In [None]:
%pylab inline

# Tutorial on how to use `MadArray` objects

A `MadArray` is a numpy array with missing elements. It is generated using three types of parameter:

* **data** as an array of entries, either *int*, *float* or *complex*;
* a **mask** indicating the missing entries;
* **options** to define the behaviour of the object.

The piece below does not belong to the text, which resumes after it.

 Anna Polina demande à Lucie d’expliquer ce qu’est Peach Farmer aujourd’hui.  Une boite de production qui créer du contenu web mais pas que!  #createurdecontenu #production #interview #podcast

A basic initialisation requires only a data matrix.  Without mask, all elements are considered as non-missing

In [None]:
from madarrays import MadArray

# initialisation without mask
data = np.random.rand(4, 6)

A = MadArray(data)
print(A)

## Masking

The masking of data differs according to the type of entries:

* if the entries are *int* or *float*, the masking is done exclusively by giving aa boolean array of the same size of the data as argument `mask`, each entry indicating if the corresponding entry in the data array is missing or not
* if the entries are *complex*, the masking can be done as previously, or by giving boolean arrays of the same size of the data as arguments `mask_amplitude` and `mask_phase`, each entry indicating respectively if the magnitude and the phase of the corresponding entry is missing or not.

In [None]:
# initialization with a mask
mask = np.random.random(data.shape) < 0.5

Am = MadArray(data, mask)
print(mask)
print(Am)

A *MadArray* can also be defined from another *MadArray*, for example to copy the object:

In [None]:
Am2 = MadArray(Am)
print('{} - {}'.format(str(Am), repr(Am)))
print('{} - {}'.format(str(Am2), repr(Am2)))

A different mask can also be used:

In [None]:
mask2 = np.random.random(data.shape) < 0.9
Am3 = MadArray(Am, mask2)
print('{} - {}'.format(str(Am), repr(Am)))
print('{} - {}'.format(str(Am3), repr(Am3)))

## Properties

A *MadArray* has attributes that give information about the masking.

In [None]:
# mask of non-missing elements
print(Am.known_mask)

In [None]:
# mask of missing elements
print(Am.unknown_mask)

In [None]:
print('Is masked: {}'.format(Am.is_masked))
print('Ratio missing data: {}'.format(Am.ratio_missing_data))

## Indexing

There are two different and incompatible ways to index *MadArray*. By default (`masked_indexing=False`), it is similar to the indexing of *nd-array*: both the data matrix and the mask are indexed, and a *MadArray* with the shape defined by the indices is returned:

In [None]:
print(A[0:3, 1:3])
print(Am[0:3, 1:3])

With the other way (`masked_indexing=True`), a MadArray with the shape unchanged is returned, where non-indexed entries are considered as masked.

In [None]:
Am4 = MadArray(data, mask, masked_indexing=True)
print(Am4[0:3, 1:3])

This latter approach is adapted to be handled with *scikit-learn* procedures.

## Numerical operations
Numpy functions apply on *MadArray*, but **without** taking into account the mask 


In [None]:
print(np.mean(A))
print(np.mean(Am))